[Stored data]

━━━━━━

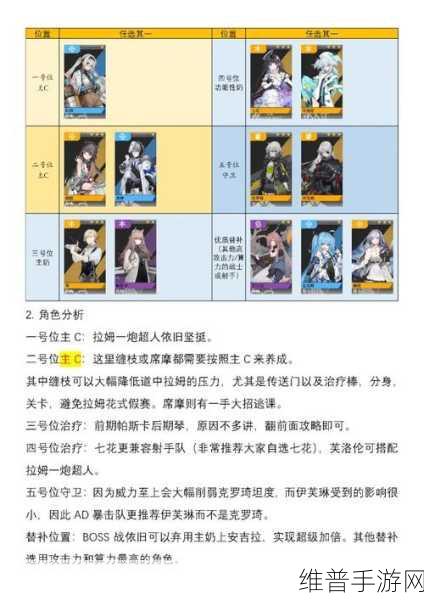 少女前线云图计划卡关全攻略，解锁高效通关秘籍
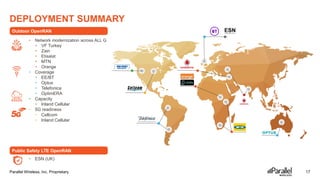 Parallel Wireless, Inc. Proprietary
DEPLOYMENT SUMMARY
17
Outdoor OpenRAN
Public Safety LTE OpenRAN
• ESN (UK)
Tier 1
• Network modernization across ALL G
• VF Turkey
• Zain
• Etisalat
• MTN
• Orange
• Coverage
• EE/BT
• Optus
• Telefonica
• OptimERA
• Capacity
• Inland Cellular
• 5G readiness
• Cellcom
• Inland Cellular
 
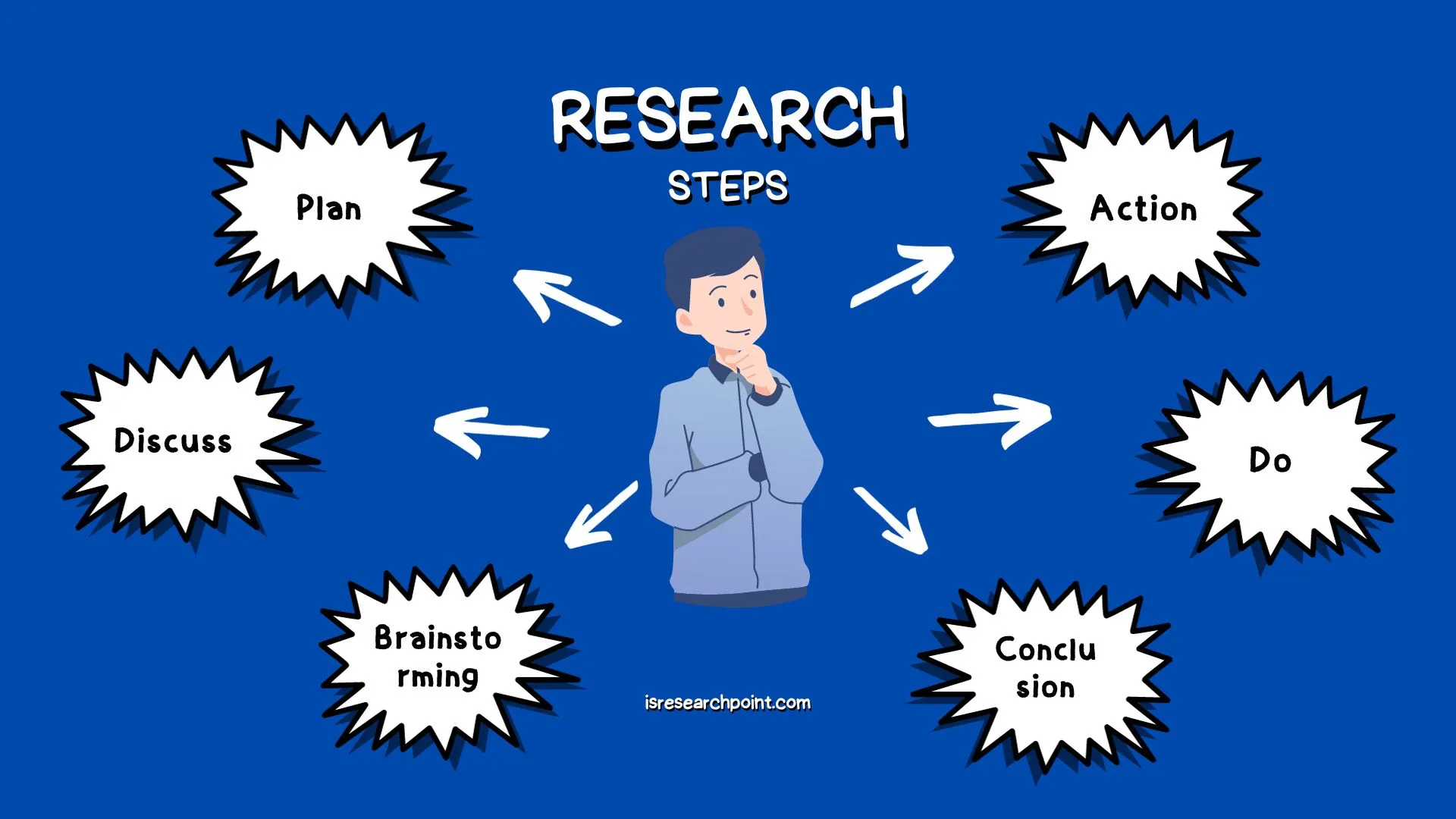 Unlocking the Essence of Research: A Comprehensive Guide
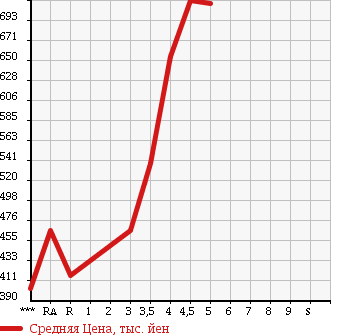 Аукционная статистика: График изменения цены HONDA N-WGN 2013 JH1 в зависимости от аукционных оценок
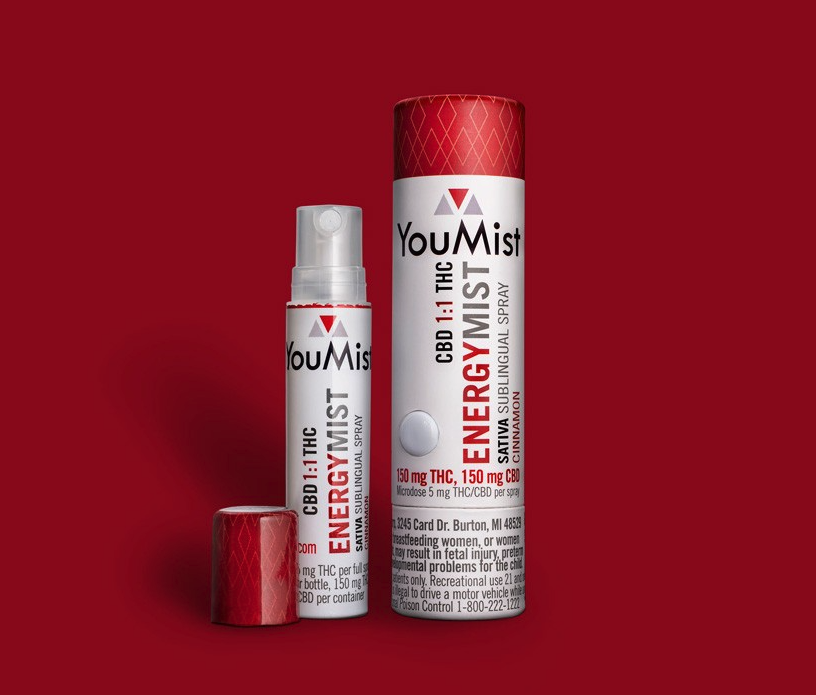 Photograph of product: YouMist 150mg Edible Spray - Energy Mist 1:1 (TH-oui:CBG)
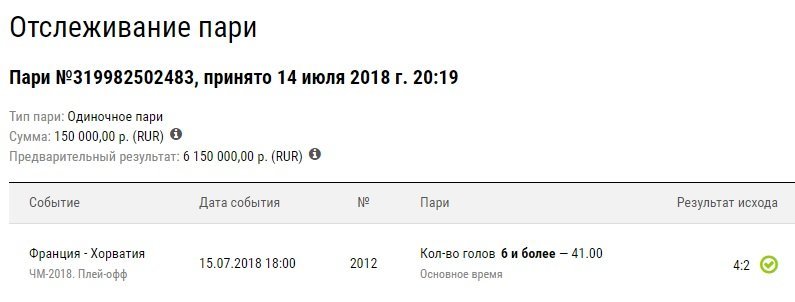 Ставка 2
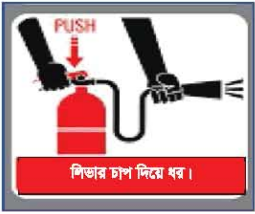 ব্যবহারিক : অগ্নি নির্বাপন যন্ত্র ব্যবহার করে আগুন নেভানো এবং ধোঁয়া থেকে ওয়ার্কশপের শিক্ষার্থীদের নিরাপদ স্থানে আশ্রয় গ্রহণ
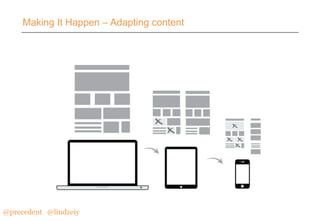 Making It Happen – Adapting content

@precedent#@lindzeiy

 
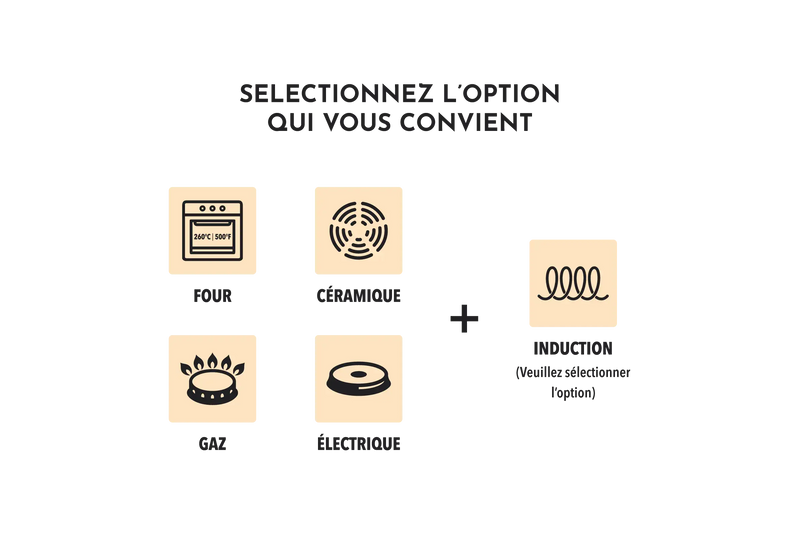 Plat à four haut de gamme induction gastrolux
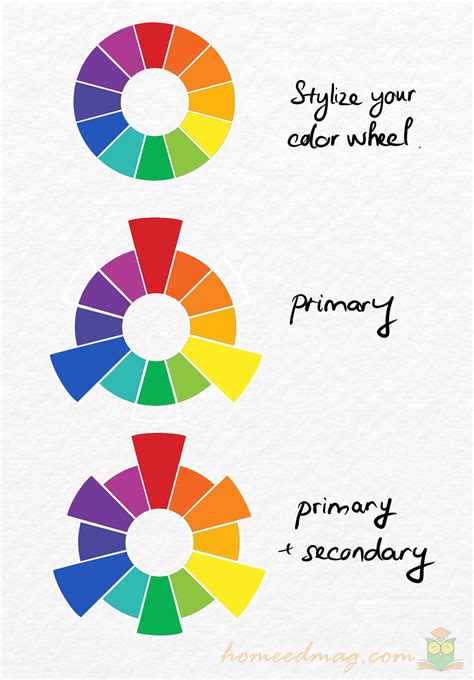 How To Draw A Color Wheel Step By Step Instructions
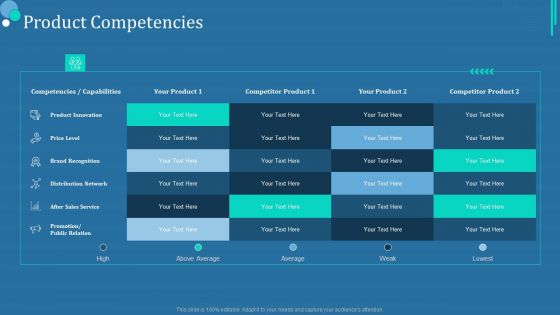 Commodity Category Analysis Product Competencies Template PDF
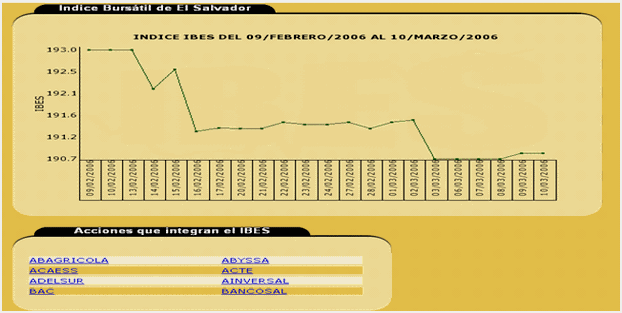 Ejemplo De Indice Para Monografia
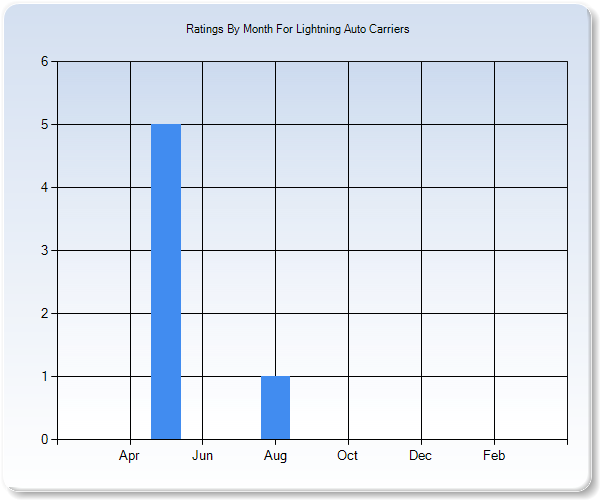 Rating Trends by Month Graph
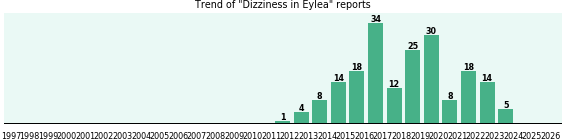 Could Eylea cause Dizziness? Could Eylea cause Dizziness?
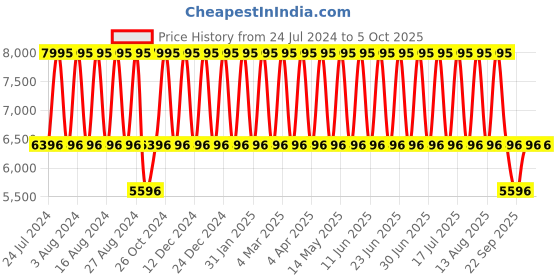 tatacliq.com Titan NR1927YM05 Regallia Analog Watch for Men titan Price History Graph from 24 Jul 2024 to 4 Oct 2025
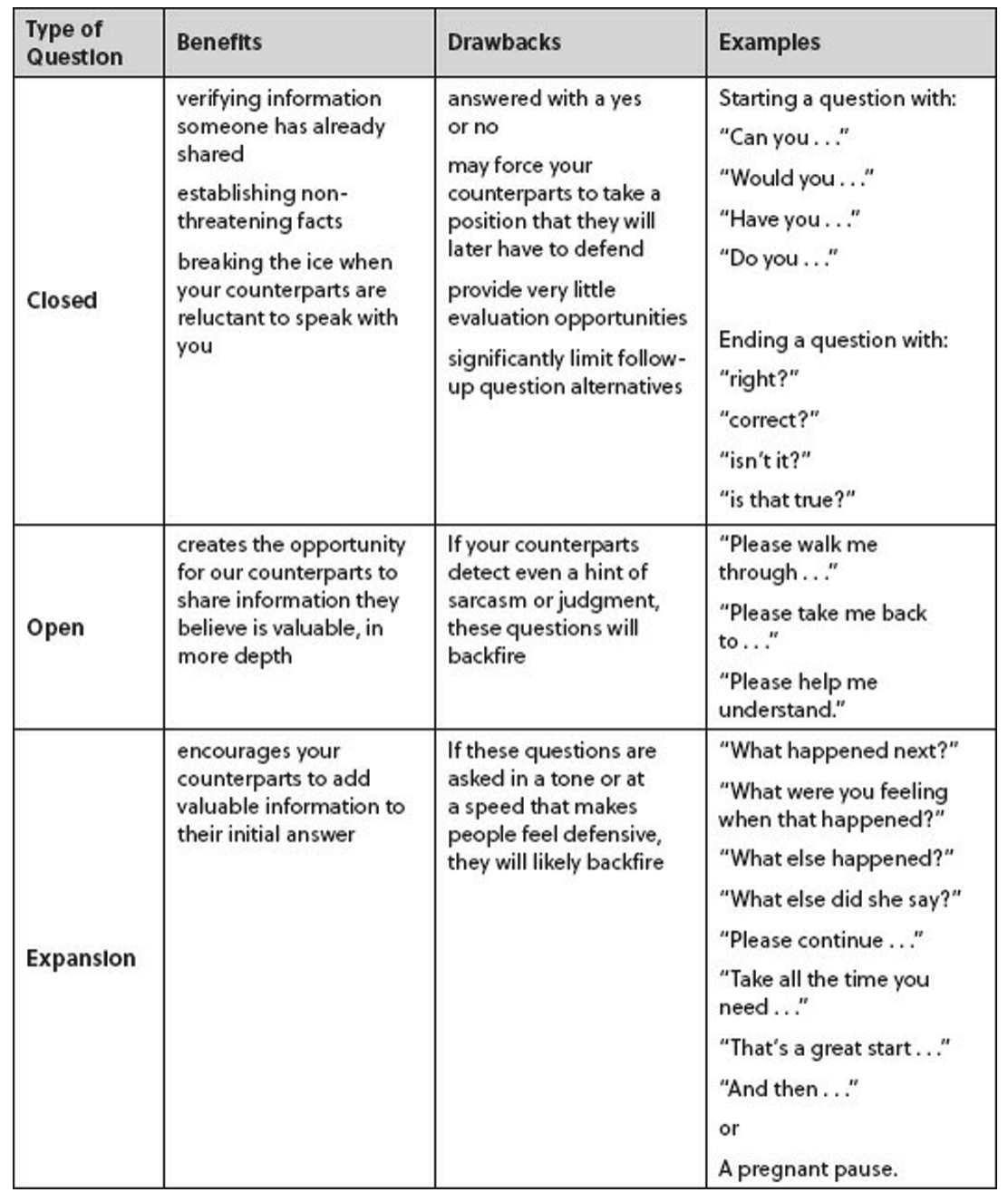 The Disciplined Listening Method Questions 1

━━━━━━

TASK DETAILS
What you write must match, line for line, the records from the line containing "Public Safety LTE OpenRAN" through the last line, with every picture left out.

RESPONSE
Public Safety LTE OpenRAN
• ESN (UK)
Tier 1
• Network modernization across ALL G
• VF Turkey
• Zain
• Etisalat
• MTN
• Orange
• Coverage
• EE/BT
• Optus
• Telefonica
• OptimERA
• Capacity
• Inland Cellular
• 5G readiness
• Cellcom
• Inland Cellular
 
 Unlocking the Essence of Research: A Comprehensive Guide
 Аукционная статистика: График изменения цены HONDA N-WGN 2013 JH1 в зависимости от аукционных оценок
 Photograph of product: YouMist 150mg Edible Spray - Energy Mist 1:1 (TH-oui:CBG)
 Ставка 2
 ব্যবহারিক : অগ্নি নির্বাপন যন্ত্র ব্যবহার করে আগুন নেভানো এবং ধোঁয়া থেকে ওয়ার্কশপের শিক্ষার্থীদের নিরাপদ স্থানে আশ্রয় গ্রহণ
 Making It Happen – Adapting content

@precedent#@lindzeiy

 
 Plat à four haut de gamme induction gastrolux
 How To Draw A Color Wheel Step By Step Instructions
 Commodity Category Analysis Product Competencies Template PDF
 Ejemplo De Indice Para Monografia
 Rating Trends by Month Graph
 Could Eylea cause Dizziness? Could Eylea cause Dizziness?
 tatacliq.com Titan NR1927YM05 Regallia Analog Watch for Men titan Price History Graph from 24 Jul 2024 to 4 Oct 2025
 The Disciplined Listening Method Questions 1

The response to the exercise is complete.